I gave him a faint smile. “We’re off from school for a month. My grades are great, even though I was docked points for missing some classes due to going to Burlington.”  

He nodded and then asked, “Did they receive the card and flowers I’d sent for the wake?”

I motioned with my head and blew out a breath. “Hunter told me to tell you thank you, but everything was so crazy and busy when we were there. I did what I could to help, but I didn’t want to get in the way, you know?”

I joined Jake at the table. “Yeah, but I think having you with him helped him. You followed your heart, even though parents were tight. That was brave of you to go with him to his home base. I don’t think he would’ve been able to resume his life like he has, without you.”

I heard an odd tone in his voice. “Brave but stupid, huh?”

He shook his head. “You weren’t stupid. You could never be stupid, Mariska.”

“That’s not what you said when I knocked over your sand castle,” I reminded him with a smirk. I felt like we were talking about something else.

“We were four years old.”

“Point taken,” I said, “You’ve been MIA. And I’ve seen Jut and your roommates bringing girls to the room.”

Jake snapped his head to me, his eyes settling on my face. “With good reason, Mariska.”

I reached my hand out to his. “What good reason could there possibly be?”

“Because, when I picked you up from work everyday during the summer, and we hung out here while your parents were working, I didn’t see you as my gawky friend who wore retainers when she was home. I saw how beautiful you are. How much you nurture Pete.” He shut his eyes. “I can’t be with you like old times. Those times are gone.”

I covered my face with my hands. My eyes moistened a little from hearing his words and he looked chocked up as well. “I didn’t know,” I whispered.

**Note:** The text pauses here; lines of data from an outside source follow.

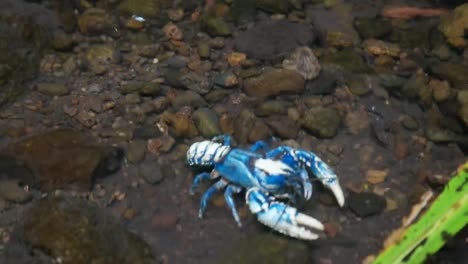 zwei-Lamington-stacheligen-Tiere-in-einem-Gebirgsbach-in-queensland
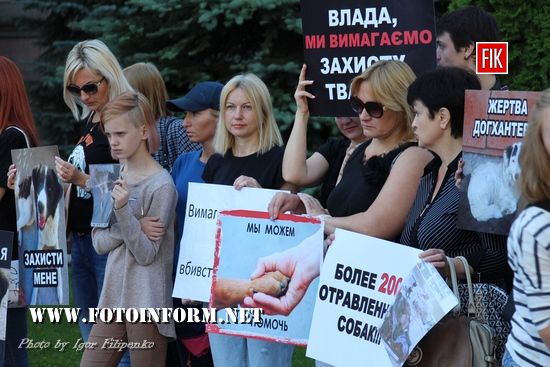 У Кропивницькому біля міської ради провели флешмоб, 30 хвилин мовчання, фото Ігоря філіпенка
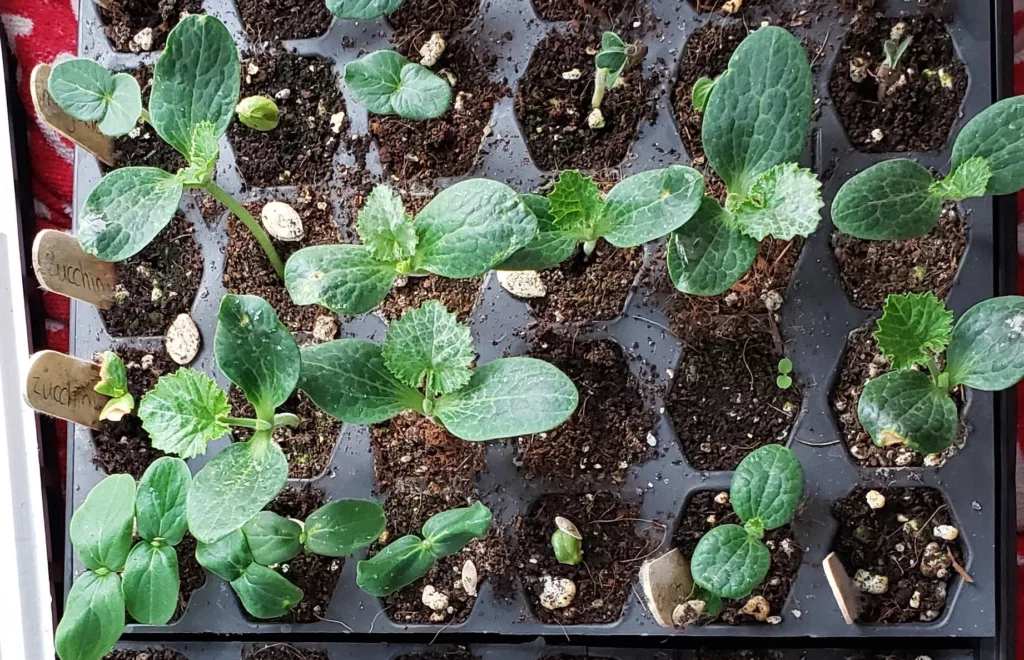 zucchini seedlings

“I didn’t think I’d have to ever tell you. I thought I could be happy for you, because I know it can’t be me. It’s never been me.”

I let myself cry a little. As Jake instinctively moved to comfort me, he stopped himself, squaring his shoulders in self-reproach. “You and Hunter found your way to each other, but I just can’t watch you and him like a chump. I’ve been seeing other girls, but none of them are you.”

All of the times I’d told him how I loved him must have been painful for him. Jake hadn’t messed around with girls who resembled Beth and I, in body or demeanor, so it hadn’t crossed my mind that he’d develop feelings for me, after all these years.

“Jake,” I said as I wiped a flood of new tears, “You’re my best friend. I…”

“Now you see why I didn’t say those three big words. They’re just too real for me, and because I do, I have to let you go. Hunter’s a stand-up dude and I know you’re in good hands.”

And I knew that I had to let go of what we had, so that Jake could find someone else who loved him the way he deserved to be loved.